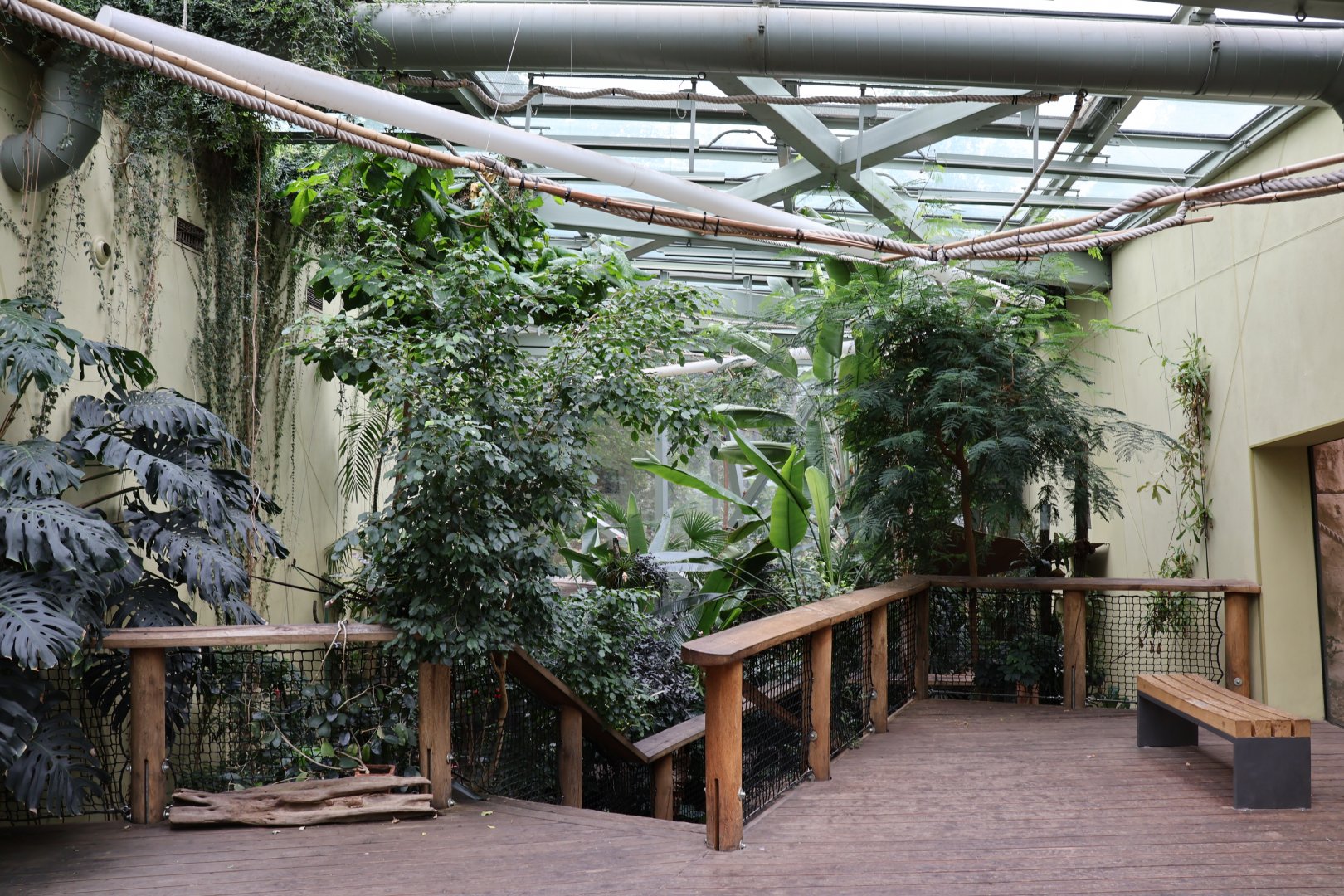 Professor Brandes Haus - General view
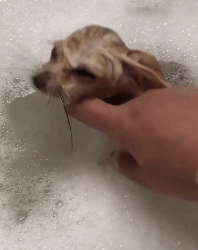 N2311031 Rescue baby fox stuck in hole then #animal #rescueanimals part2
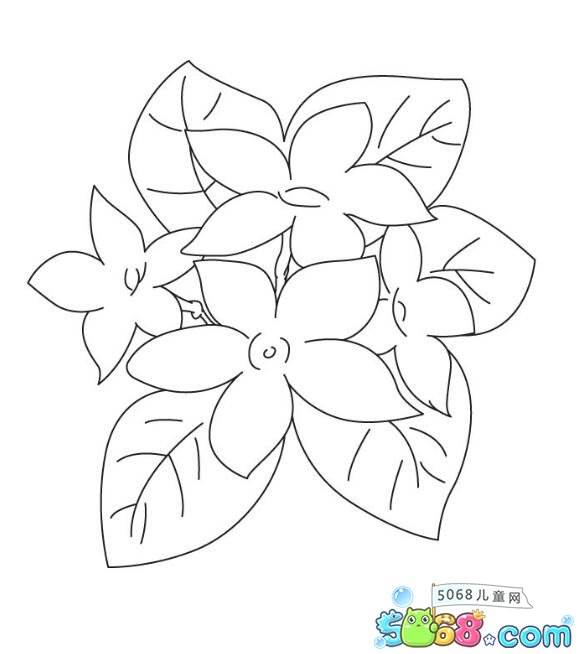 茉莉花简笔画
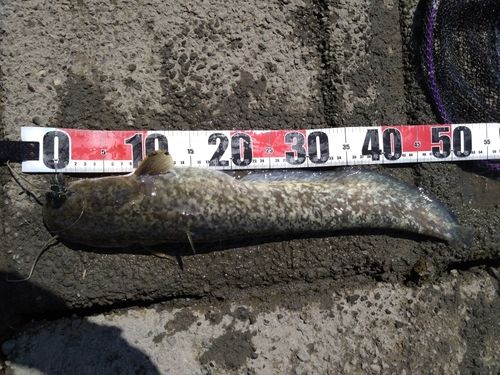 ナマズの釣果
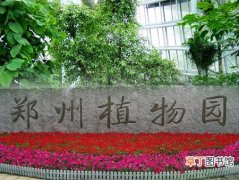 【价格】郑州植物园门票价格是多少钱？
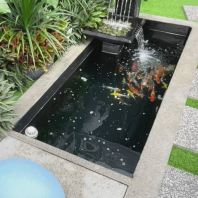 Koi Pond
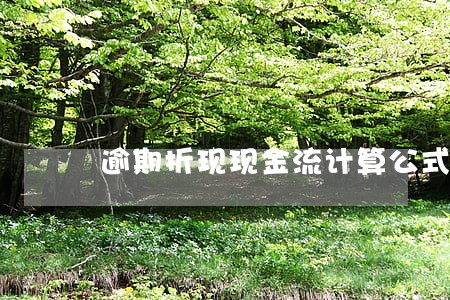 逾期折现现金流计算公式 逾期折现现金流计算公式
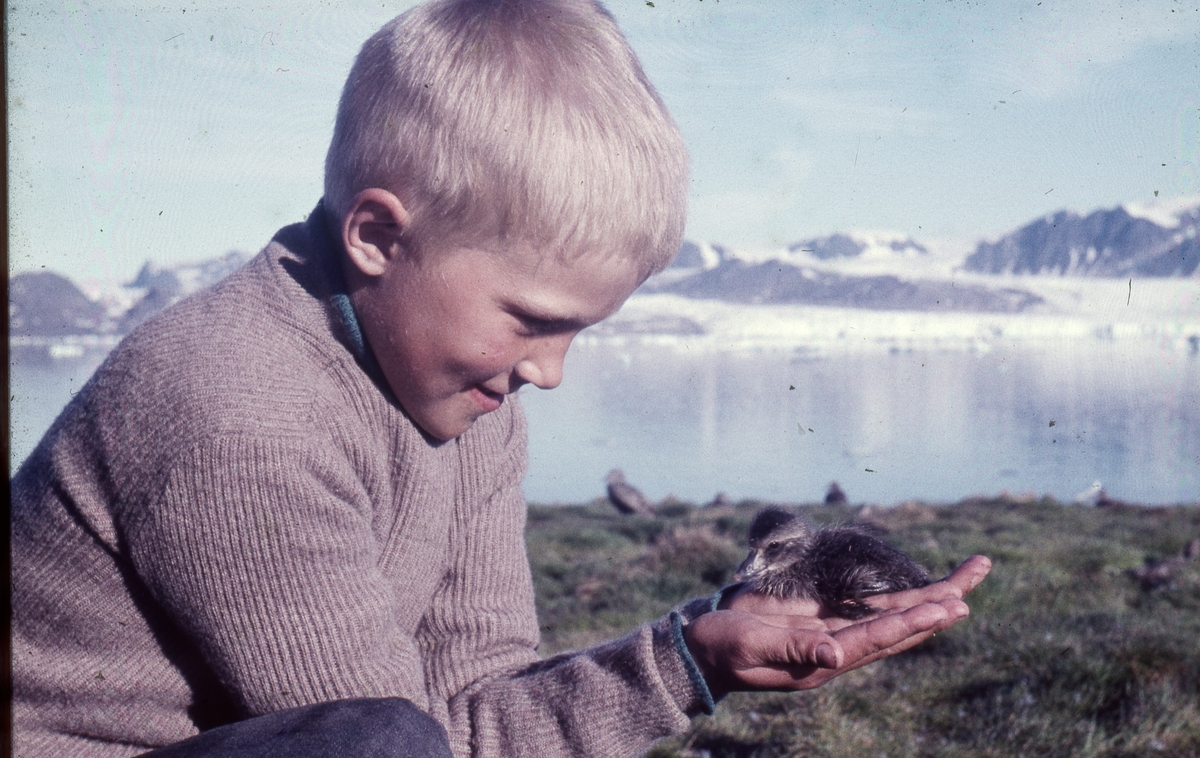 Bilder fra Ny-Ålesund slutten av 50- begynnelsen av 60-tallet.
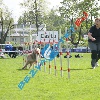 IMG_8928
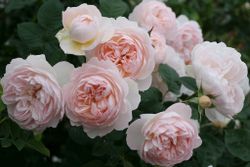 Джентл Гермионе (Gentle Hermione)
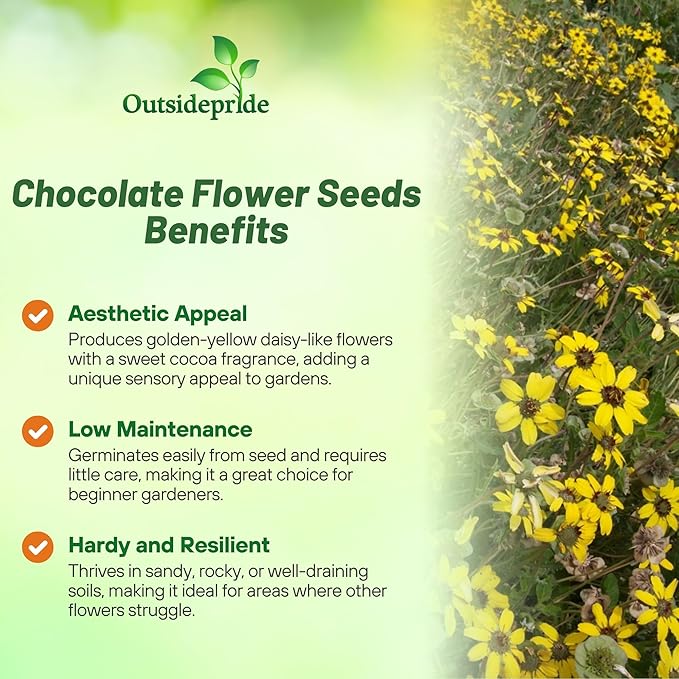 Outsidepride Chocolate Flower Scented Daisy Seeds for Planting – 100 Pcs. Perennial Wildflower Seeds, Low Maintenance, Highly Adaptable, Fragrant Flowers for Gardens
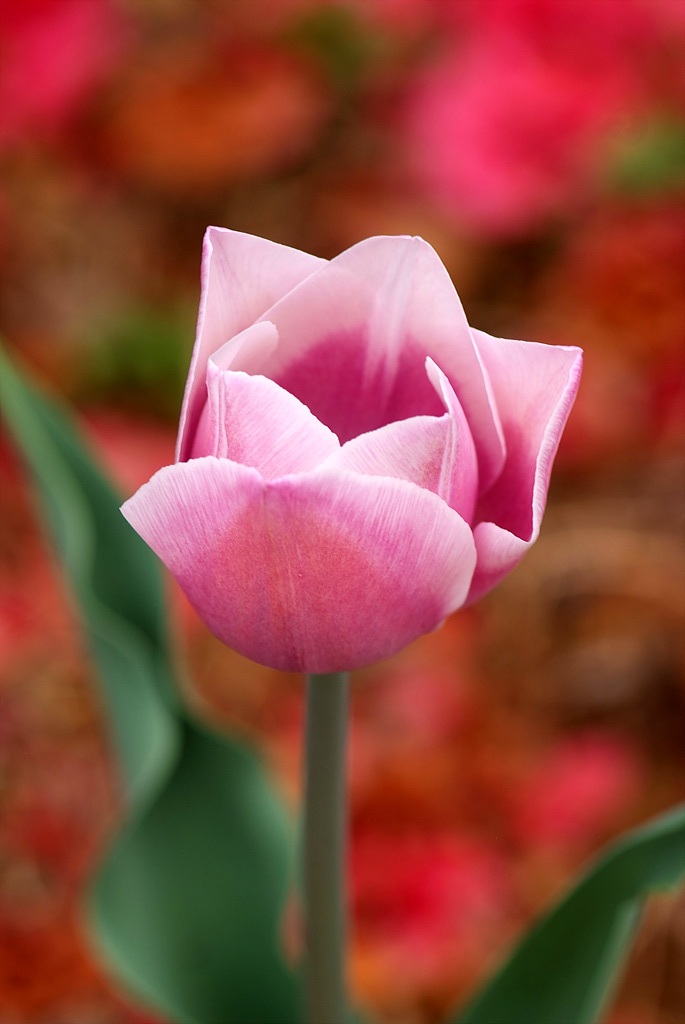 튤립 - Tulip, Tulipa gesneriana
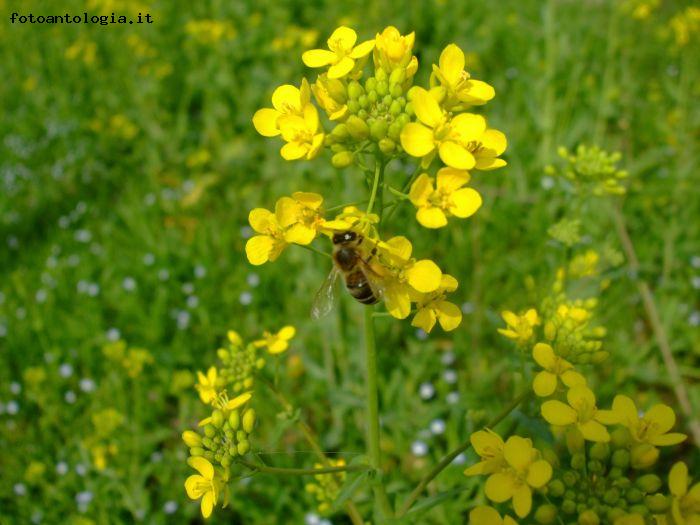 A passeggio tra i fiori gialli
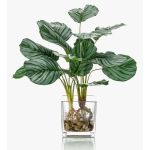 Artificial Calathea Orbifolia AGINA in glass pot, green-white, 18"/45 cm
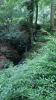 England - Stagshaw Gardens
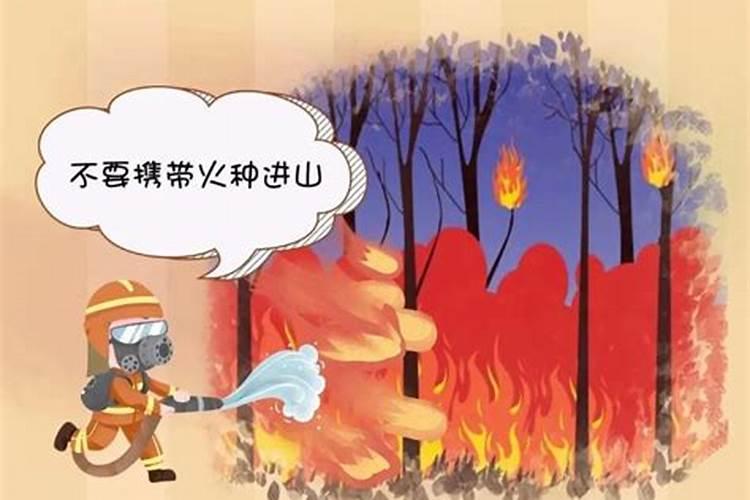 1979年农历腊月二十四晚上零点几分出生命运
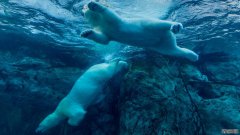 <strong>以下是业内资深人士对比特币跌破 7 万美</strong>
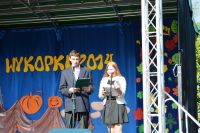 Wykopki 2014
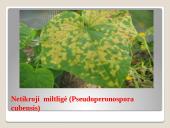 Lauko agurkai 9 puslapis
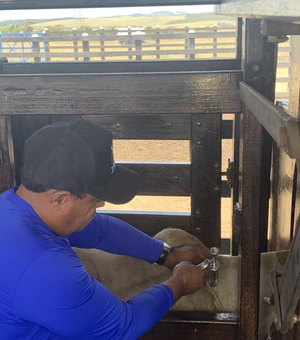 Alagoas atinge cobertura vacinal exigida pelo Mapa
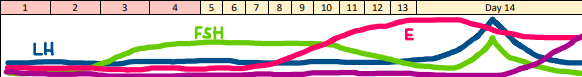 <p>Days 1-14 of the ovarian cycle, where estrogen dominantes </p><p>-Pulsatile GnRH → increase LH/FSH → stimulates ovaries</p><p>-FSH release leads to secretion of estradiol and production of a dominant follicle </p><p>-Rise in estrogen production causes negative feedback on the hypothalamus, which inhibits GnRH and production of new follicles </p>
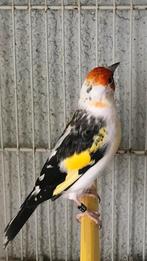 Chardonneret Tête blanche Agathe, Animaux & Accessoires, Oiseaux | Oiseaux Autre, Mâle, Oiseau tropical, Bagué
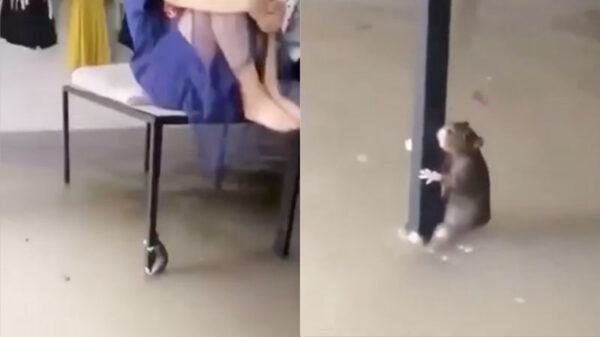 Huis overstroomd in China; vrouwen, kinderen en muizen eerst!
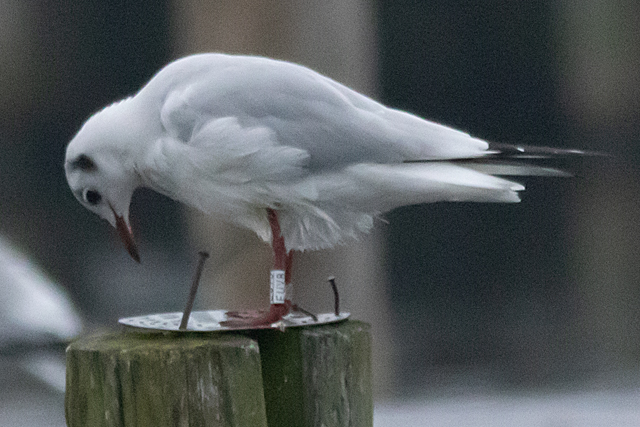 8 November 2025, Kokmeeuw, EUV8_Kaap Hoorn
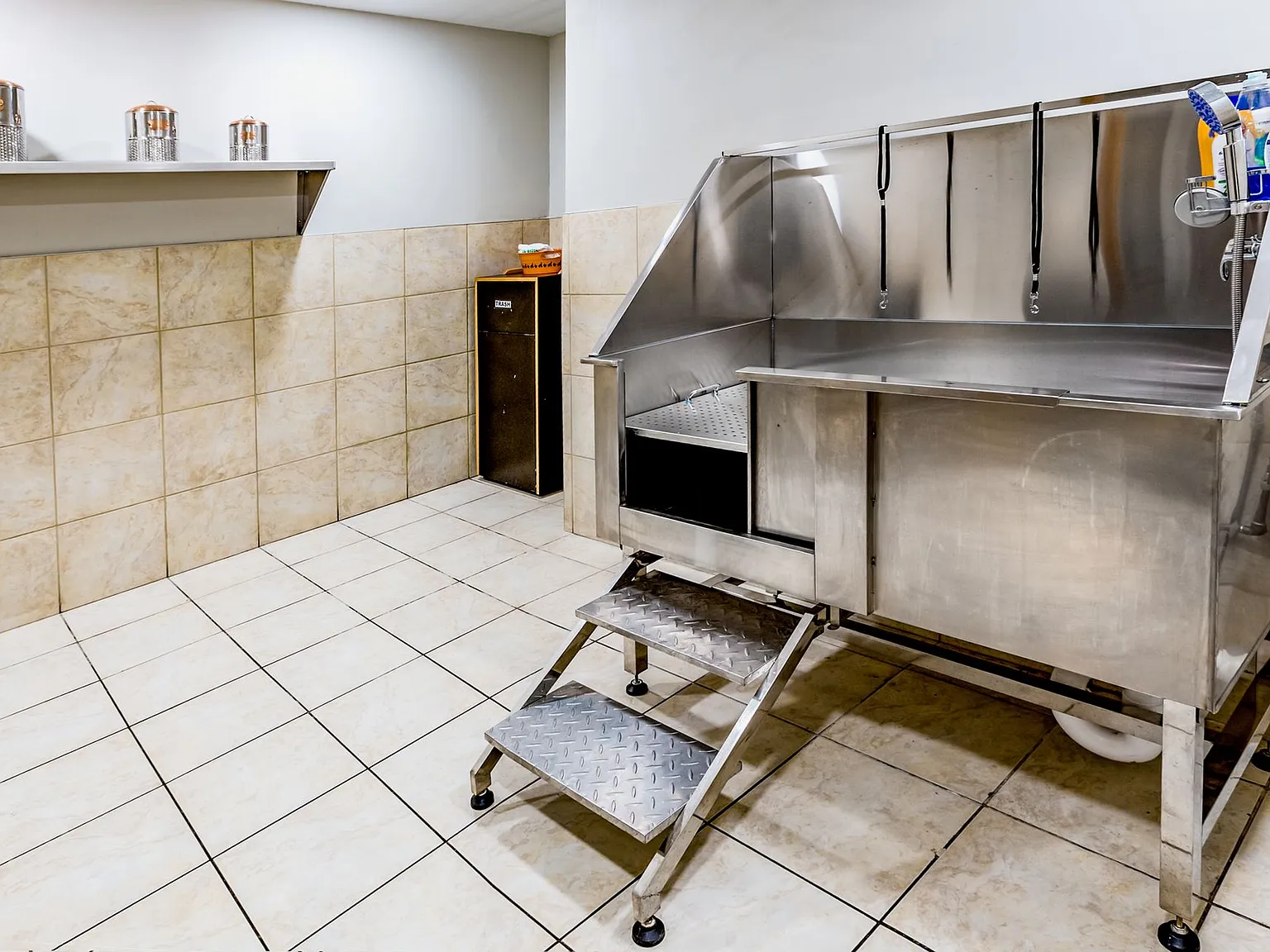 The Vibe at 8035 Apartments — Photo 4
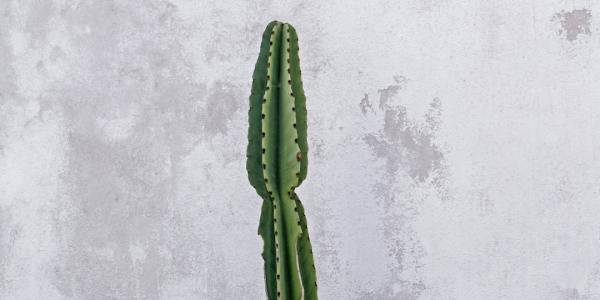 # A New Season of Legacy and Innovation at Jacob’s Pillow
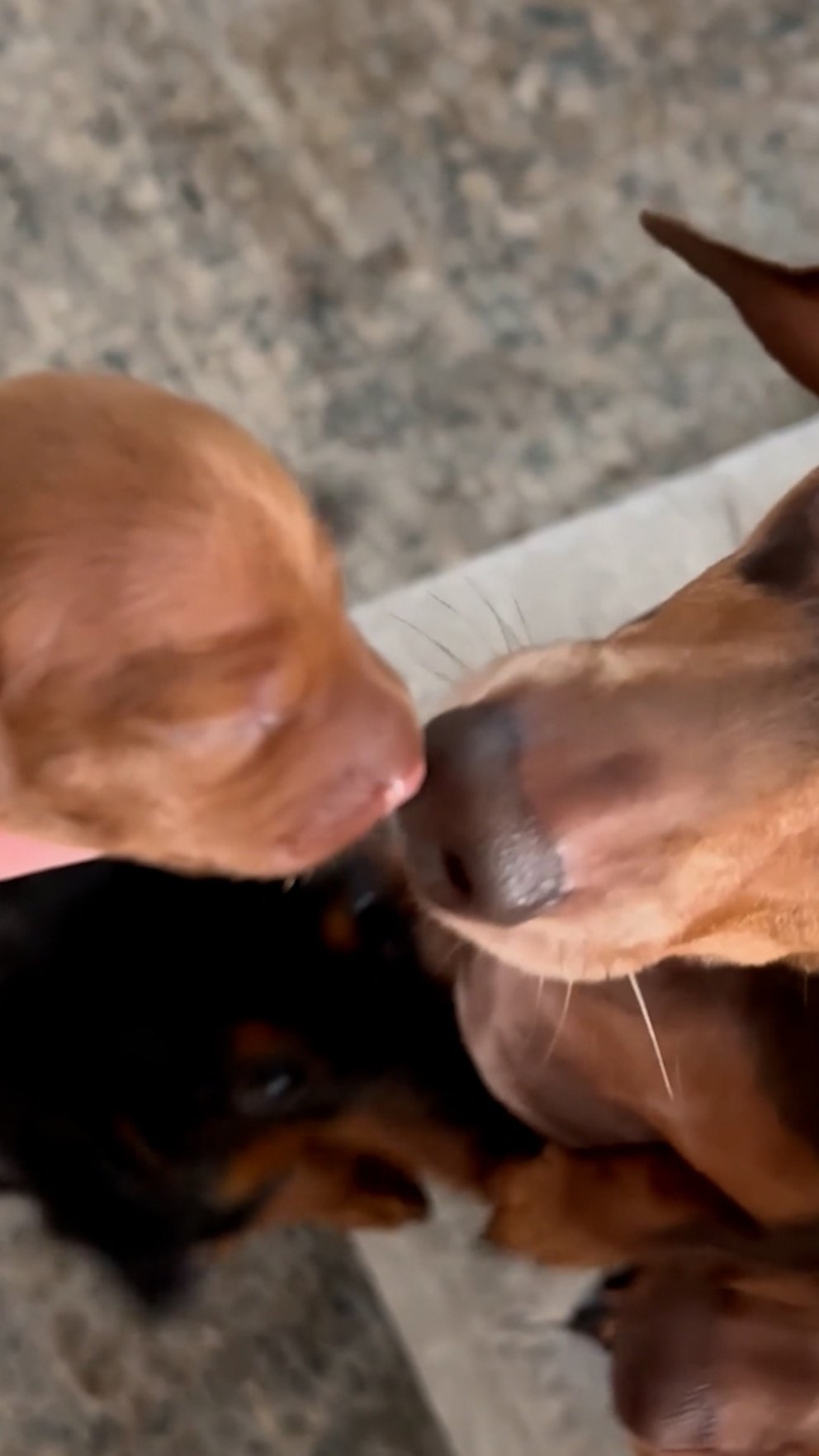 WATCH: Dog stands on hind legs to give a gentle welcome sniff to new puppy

━━━━━━━━

Work to be completed:
All of the material must be repeated exactly in the answer, apart from the pictures.

Task solution:
 Professor Brandes Haus - General view
 N2311031 Rescue baby fox stuck in hole then #animal #rescueanimals part2
 茉莉花简笔画
 ナマズの釣果
 【价格】郑州植物园门票价格是多少钱？
 Koi Pond
 逾期折现现金流计算公式 逾期折现现金流计算公式
 Bilder fra Ny-Ålesund slutten av 50- begynnelsen av 60-tallet.
 IMG_8928
 Джентл Гермионе (Gentle Hermione)
 Outsidepride Chocolate Flower Scented Daisy Seeds for Planting – 100 Pcs. Perennial Wildflower Seeds, Low Maintenance, Highly Adaptable, Fragrant Flowers for Gardens
 튤립 - Tulip, Tulipa gesneriana
 A passeggio tra i fiori gialli
 Artificial Calathea Orbifolia AGINA in glass pot, green-white, 18"/45 cm
 England - Stagshaw Gardens
 1979年农历腊月二十四晚上零点几分出生命运
 <strong>以下是业内资深人士对比特币跌破 7 万美</strong>
 Wykopki 2014
 Lauko agurkai 9 puslapis
 Alagoas atinge cobertura vacinal exigida pelo Mapa
 <p>Days 1-14 of the ovarian cycle, where estrogen dominantes </p><p>-Pulsatile GnRH → increase LH/FSH → stimulates ovaries</p><p>-FSH release leads to secretion of estradiol and production of a dominant follicle </p><p>-Rise in estrogen production causes negative feedback on the hypothalamus, which inhibits GnRH and production of new follicles </p>
 Chardonneret Tête blanche Agathe, Animaux & Accessoires, Oiseaux | Oiseaux Autre, Mâle, Oiseau tropical, Bagué
 Huis overstroomd in China; vrouwen, kinderen en muizen eerst!
 8 November 2025, Kokmeeuw, EUV8_Kaap Hoorn
 The Vibe at 8035 Apartments — Photo 4
 # A New Season of Legacy and Innovation at Jacob’s Pillow
 WATCH: Dog stands on hind legs to give a gentle welcome sniff to new puppy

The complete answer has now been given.